Myth No. 1: China's economy is export-led.One of the main reasons China has withstood the financial crisis better than analysts like Gordon Chang predicted is because the export sector accounts for far less of the economy than the approximately 40% figure that they believe. For a while after China entered the World Trade Organization, in 2001, exports did take up that much of the economy.
That situation changed dramatically even before the financial crisis. My firm, the China Market Research Group, estimates that by 2008, exports accounted for just 20% of the economy. A combination of rising costs and new economic policies caused the decline.
The export sector is going to continue to play a diminishing role as domestic consumption increases. We estimate that consumer-fueled domestic consumption will account for 50% of GDP within the next five years, up from 33% today.
Myth No. 2: China has a limitless supply of cheap labor.
People may think it does, but in fact recruiting and retaining talent has been difficult for companies even during the financial crisis. Many blue-collar workers are no longer willing to labor for low wages in manufacturing hubs like Guangdong, visiting their families only once a year. They've lost the fear of going hungry, so they've gotten more selective about employment. They have far more job opportunities closer to their homes, as China's $586 billion stimulus package has propped up the economy in the poorer regions that most construction and factory workers come from.

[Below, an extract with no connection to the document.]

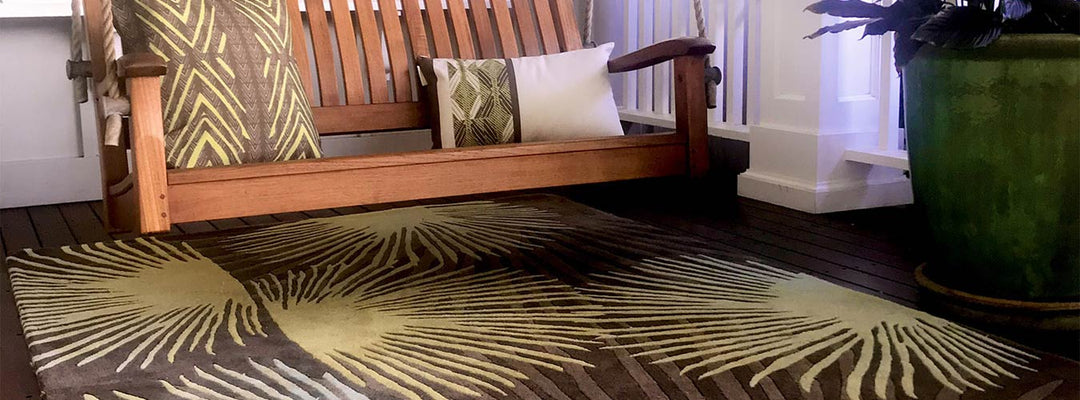 Coastal Area Rugs Displaying the Loulu Hawaiian Print Design in an Outdoor Living Area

At the white-collar level, most multinationals need to rethink their human resource strategies. Job-hopping is high, with many companies losing 20% of their employees a year. The overwhelming reason younger white-collar workers leave their jobs is not because their salaries are too low but because they see no career paths there.
Nothing demoralizes young workers more than knowing that expatriates get out-sized pay packages at places where there are no mainland Chinese senior executives. They may have Taiwanese, Hong Kong and other Chinese-speaking executives, but those don't count. Mainlanders still see them as foreigners. Many mainlanders feel, why work for Google if you can get a job with its Chinese competitor Baidu and feel there's no glass ceiling above you?

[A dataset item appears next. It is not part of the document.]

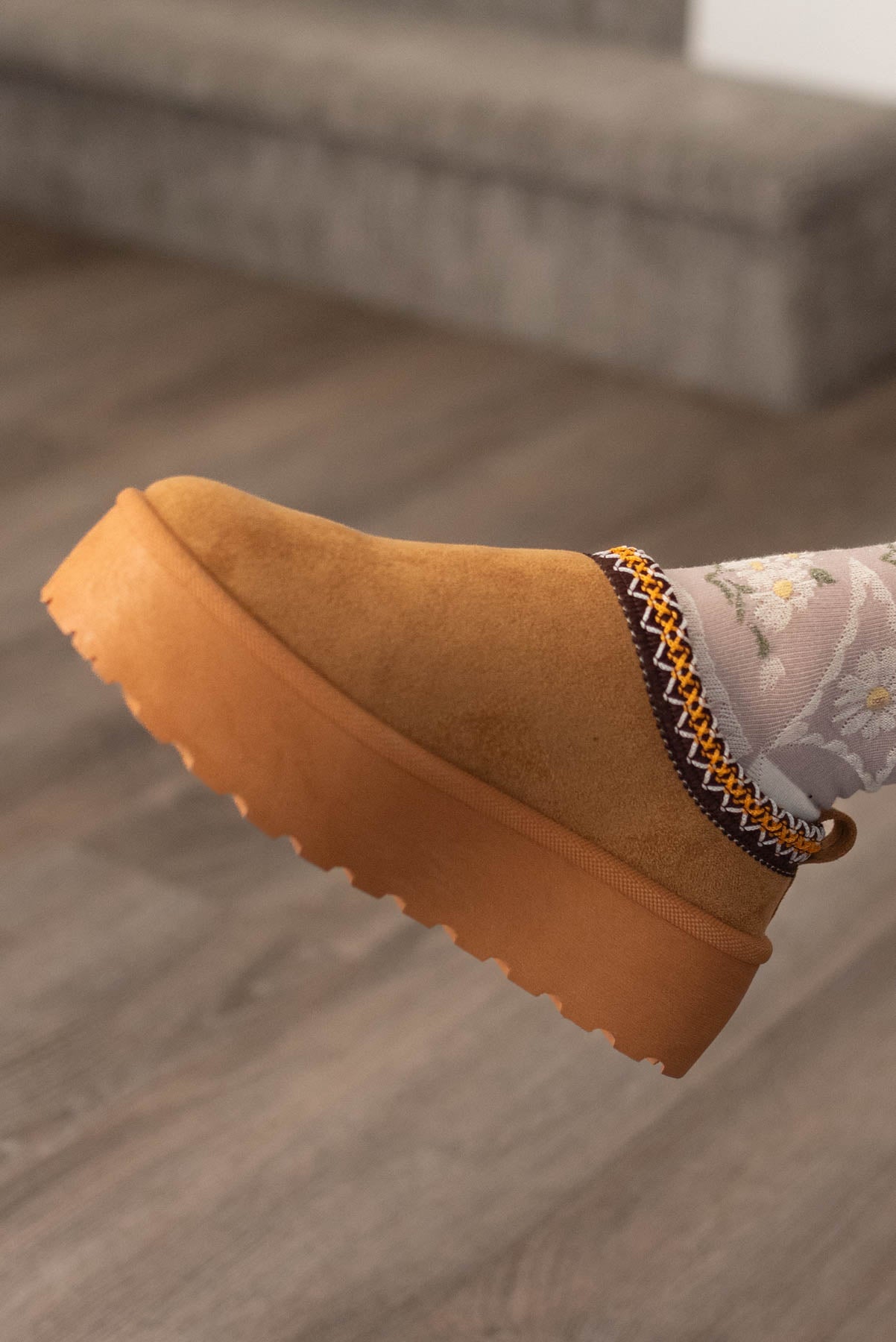 Side view of camel slip-on clogs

Companies need to make clear to young Chinese that they're dedicated to retaining them. They need training programs, overseas rotations and clear paths for advancement.
Myth No. 3: Connections are everything.
Too many companies hire the offspring of well-connected elders and think those connections will guarantee success.
Yes, who you know is important in China, as it is anywhere, but the economy is becoming more sophisticated. Regulations are more transparent than they were just five years ago, and in most situations you no longer need inside pull to get permits. Gone are the days when knowing the right people guaranteed riches. For most businesses, the four Ps of marketing--price, placement, product and promotion--are starting to prevail.